Ethereum vs Bitcoin Offer
Unlike Ethereum, Bitcoin provide on exchanges rose to 3 million BTC from 2.67 million BTC in May.
On-chain data revealed a drop in the number of new active addresses for Bitcoin and Ethereum. Ethereum’s new active addresses fell 10% in May to 467,720 addresses, while Bitcoin saw a 27% decline, bringing the total to 252,470.
In May, blockchain data from Nansen Intelligence showed that net inflows to exchanges on May 22 reached 81,840 ETH, worth approximately $306 million – the highest amount recorded in a single day since January 23.

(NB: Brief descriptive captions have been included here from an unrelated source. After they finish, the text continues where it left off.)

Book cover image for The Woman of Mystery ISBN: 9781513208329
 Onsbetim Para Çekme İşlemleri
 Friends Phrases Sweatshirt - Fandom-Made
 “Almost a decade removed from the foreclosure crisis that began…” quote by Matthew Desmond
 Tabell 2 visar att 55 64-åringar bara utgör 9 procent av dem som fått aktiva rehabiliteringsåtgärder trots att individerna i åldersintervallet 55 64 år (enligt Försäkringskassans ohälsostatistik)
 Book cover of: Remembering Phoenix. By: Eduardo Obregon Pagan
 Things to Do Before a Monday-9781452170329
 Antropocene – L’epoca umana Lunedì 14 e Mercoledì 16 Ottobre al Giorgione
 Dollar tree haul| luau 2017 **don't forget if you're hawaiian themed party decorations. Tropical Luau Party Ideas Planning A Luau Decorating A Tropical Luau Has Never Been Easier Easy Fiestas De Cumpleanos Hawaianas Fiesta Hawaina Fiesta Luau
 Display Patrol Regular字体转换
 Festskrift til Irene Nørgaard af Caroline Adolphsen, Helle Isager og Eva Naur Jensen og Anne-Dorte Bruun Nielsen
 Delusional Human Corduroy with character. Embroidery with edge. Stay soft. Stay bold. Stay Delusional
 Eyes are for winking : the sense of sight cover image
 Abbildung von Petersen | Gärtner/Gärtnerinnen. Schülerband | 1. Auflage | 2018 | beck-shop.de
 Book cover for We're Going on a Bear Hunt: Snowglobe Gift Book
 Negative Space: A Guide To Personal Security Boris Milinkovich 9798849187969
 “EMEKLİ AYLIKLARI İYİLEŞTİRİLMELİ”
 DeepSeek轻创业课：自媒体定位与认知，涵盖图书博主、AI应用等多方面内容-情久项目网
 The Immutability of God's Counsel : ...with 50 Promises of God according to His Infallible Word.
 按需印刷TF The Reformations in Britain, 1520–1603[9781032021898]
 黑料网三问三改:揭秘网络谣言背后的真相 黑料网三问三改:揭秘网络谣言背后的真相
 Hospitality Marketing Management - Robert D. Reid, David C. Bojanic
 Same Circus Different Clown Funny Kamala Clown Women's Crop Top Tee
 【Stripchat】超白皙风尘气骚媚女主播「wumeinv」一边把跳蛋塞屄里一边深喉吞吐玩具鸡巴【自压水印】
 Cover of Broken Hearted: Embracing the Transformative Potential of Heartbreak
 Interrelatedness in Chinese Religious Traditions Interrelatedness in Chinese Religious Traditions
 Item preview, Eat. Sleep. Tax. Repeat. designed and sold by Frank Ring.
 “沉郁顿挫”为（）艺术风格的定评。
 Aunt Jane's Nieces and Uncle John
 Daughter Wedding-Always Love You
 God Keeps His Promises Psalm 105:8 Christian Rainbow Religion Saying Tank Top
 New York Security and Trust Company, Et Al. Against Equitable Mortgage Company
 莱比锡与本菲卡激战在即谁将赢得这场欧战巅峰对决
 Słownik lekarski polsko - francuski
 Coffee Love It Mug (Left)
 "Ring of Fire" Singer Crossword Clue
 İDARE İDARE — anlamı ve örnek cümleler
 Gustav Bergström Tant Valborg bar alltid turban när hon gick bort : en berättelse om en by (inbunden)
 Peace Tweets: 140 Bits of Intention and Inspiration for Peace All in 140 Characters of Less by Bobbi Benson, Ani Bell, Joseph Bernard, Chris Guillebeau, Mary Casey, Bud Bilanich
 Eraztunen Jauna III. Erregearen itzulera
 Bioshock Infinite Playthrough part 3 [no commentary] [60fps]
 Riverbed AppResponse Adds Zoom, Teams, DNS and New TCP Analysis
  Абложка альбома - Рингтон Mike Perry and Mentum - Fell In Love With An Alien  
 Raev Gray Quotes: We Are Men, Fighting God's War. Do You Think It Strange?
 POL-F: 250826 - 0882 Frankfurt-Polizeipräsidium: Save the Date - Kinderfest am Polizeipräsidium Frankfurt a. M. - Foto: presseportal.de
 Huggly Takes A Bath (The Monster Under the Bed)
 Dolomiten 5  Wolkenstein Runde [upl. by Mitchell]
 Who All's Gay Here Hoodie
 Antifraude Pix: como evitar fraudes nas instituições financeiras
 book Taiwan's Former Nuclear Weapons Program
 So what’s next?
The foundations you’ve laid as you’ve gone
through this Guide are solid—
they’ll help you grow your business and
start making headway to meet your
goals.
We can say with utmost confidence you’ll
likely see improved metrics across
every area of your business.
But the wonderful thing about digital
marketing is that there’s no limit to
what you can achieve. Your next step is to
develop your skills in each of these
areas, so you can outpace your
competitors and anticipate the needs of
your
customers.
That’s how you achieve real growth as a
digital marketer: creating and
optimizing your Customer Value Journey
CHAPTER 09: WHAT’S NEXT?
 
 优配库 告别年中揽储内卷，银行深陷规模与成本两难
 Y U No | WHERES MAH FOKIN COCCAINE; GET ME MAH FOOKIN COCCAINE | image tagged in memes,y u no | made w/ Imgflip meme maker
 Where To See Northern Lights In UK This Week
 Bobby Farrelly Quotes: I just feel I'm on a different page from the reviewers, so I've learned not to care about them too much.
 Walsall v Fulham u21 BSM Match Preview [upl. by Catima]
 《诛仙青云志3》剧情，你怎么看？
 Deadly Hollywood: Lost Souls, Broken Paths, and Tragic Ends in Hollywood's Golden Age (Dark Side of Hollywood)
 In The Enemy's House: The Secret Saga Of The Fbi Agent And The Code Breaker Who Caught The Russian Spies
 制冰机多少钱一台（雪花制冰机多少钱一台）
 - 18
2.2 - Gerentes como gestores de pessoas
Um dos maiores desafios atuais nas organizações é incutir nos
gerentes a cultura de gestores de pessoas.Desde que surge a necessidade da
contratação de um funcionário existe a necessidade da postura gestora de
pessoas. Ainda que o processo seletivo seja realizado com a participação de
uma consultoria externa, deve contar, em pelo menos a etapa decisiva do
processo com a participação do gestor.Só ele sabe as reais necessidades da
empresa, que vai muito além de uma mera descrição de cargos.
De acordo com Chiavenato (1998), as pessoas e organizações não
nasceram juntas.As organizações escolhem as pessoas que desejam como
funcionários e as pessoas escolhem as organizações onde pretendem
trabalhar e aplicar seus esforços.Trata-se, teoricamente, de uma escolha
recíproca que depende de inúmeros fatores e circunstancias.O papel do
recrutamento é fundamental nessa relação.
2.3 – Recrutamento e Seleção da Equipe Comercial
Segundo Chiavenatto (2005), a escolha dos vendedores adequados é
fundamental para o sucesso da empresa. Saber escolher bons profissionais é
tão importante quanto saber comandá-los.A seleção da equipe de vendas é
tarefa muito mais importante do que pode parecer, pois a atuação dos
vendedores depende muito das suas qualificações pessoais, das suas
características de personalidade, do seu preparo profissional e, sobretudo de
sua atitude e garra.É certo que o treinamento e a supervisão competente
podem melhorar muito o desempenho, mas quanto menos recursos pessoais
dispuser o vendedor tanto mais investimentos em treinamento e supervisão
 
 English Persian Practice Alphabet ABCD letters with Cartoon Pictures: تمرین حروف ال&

Implications for price stability
Analysts believe that the reduction in ETH liquidity on exchanges could potentially affect its price stability in the short term.
Leon Waidmann, on-chain analyst at BTC Echo, said investors are “filling their bags with ETH for the long term.”
“It’s becoming more and more plausible that Ethereum could lead the next crypto rally,” he said. said.
Lee argues that as the supply of ETH on exchanges dwindles, potential spot ETF issuers looking to acquire Ethereum to support fund subscriptions may find their options limited.
“This factor could influence market sentiment and potentially push prices up to $4,800 in the long term,” he noted.